Question

A multiple-choice examination has 20 questions, each with five possible answers, only one of which is correct. Suppose that one of the students who takes the examination answers each of the questions with an independent random guess. What is the probability that he answers at least seventeen questions correctly? (Round your answer to three decimal places.)

Answer 1

Answer:

The probability that the student answers at least seventeen questions correctly is $8.03\times 10^{-10}$.

Step-by-step explanation:

Let the random variable X represent the number of correctly answered questions.
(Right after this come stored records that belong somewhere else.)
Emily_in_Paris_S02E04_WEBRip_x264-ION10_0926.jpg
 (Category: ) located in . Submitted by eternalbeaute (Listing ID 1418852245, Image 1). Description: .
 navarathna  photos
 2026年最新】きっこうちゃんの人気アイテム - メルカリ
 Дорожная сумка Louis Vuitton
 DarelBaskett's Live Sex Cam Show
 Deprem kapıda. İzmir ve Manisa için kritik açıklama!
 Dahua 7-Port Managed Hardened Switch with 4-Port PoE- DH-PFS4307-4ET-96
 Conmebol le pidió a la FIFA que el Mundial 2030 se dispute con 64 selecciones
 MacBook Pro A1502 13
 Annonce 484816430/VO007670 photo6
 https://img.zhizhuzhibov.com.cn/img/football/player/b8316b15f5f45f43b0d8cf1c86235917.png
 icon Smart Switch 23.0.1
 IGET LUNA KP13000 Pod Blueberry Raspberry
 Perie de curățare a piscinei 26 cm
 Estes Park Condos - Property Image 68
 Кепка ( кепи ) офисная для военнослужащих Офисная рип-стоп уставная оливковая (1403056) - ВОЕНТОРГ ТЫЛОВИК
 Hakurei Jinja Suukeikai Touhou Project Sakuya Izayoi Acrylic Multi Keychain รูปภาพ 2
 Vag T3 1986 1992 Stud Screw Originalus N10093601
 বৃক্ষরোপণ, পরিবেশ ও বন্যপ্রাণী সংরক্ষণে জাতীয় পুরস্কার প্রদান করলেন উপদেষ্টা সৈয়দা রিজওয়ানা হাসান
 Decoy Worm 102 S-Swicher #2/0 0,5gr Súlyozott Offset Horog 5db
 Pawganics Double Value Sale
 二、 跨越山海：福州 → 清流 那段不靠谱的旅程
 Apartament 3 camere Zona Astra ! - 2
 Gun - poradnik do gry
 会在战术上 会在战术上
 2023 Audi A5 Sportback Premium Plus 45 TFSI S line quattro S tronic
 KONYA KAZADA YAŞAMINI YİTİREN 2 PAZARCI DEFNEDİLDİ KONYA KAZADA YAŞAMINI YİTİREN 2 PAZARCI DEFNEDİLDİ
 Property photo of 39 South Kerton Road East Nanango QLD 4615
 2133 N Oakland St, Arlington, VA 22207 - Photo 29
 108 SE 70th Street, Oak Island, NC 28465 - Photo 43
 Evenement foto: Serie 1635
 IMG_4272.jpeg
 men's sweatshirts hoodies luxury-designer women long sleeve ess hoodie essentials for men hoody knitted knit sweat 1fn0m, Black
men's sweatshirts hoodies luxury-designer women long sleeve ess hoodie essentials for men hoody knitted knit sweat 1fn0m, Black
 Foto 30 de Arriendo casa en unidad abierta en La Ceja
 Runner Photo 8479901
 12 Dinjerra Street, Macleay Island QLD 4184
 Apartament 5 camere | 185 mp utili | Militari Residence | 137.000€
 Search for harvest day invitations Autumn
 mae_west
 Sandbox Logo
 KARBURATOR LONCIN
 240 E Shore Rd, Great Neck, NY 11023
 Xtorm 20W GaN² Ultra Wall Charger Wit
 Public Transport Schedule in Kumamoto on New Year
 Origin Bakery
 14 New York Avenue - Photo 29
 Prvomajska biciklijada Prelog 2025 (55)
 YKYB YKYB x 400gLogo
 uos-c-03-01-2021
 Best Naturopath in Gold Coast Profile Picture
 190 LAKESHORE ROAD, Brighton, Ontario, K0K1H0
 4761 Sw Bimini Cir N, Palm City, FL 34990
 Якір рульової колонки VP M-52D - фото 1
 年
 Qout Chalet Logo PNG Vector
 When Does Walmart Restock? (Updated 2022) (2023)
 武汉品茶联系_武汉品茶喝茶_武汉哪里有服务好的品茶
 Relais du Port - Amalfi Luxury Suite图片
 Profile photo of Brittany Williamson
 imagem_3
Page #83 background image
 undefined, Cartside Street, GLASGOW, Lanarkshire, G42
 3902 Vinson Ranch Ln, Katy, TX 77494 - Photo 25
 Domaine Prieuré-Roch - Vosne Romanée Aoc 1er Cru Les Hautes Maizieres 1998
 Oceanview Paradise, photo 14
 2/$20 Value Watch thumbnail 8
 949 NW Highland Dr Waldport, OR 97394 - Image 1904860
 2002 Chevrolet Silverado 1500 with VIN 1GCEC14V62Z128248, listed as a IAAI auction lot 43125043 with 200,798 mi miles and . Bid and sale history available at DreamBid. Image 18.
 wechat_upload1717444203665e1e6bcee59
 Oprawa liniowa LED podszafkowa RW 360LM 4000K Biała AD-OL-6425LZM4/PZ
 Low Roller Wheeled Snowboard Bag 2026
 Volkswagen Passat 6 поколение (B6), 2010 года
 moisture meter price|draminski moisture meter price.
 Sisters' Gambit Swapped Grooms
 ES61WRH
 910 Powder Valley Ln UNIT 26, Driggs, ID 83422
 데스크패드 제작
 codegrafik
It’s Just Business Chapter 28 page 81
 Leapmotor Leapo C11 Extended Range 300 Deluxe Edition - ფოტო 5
It is provided all the questions have five options with only one correct option.

Then the probability of selecting the correct option is,

$P(X)=p=\frac{1}{5}=0.20$

There are n = 20 question in the exam.

It is also provided that a student taking the examination answers each of the questions with an independent random guess.

Then the random variable can be modeled by the Binomial distribution with parameters n = 20 and p = 0.20.

The probability mass function of X is:

$P(X=x)={20\choose x}\ 0.20^{x}\ (1-0.20)^{20-x};\ x =0,1,2,3...$

Compute the probability that the student answers at least seventeen questions correctly as follows:

$P(X\geq 17)=P (X=17)+P (X=18)+P (X=19)+P (X=20)$

$=\sum\limits^{20}_{x=17}{{20\choose x}\ 0.20^{x}\ (1-0.20)^{20-x}}\\\\=0.00000000077+0.000000000032+0.00000000000084+0.000000000000042\\\\=0.000000000802882\\\\=8.03\times10^{-10}$

Thus, the probability that the student answers at least seventeen questions correctly is $8.03\times 10^{-10}$.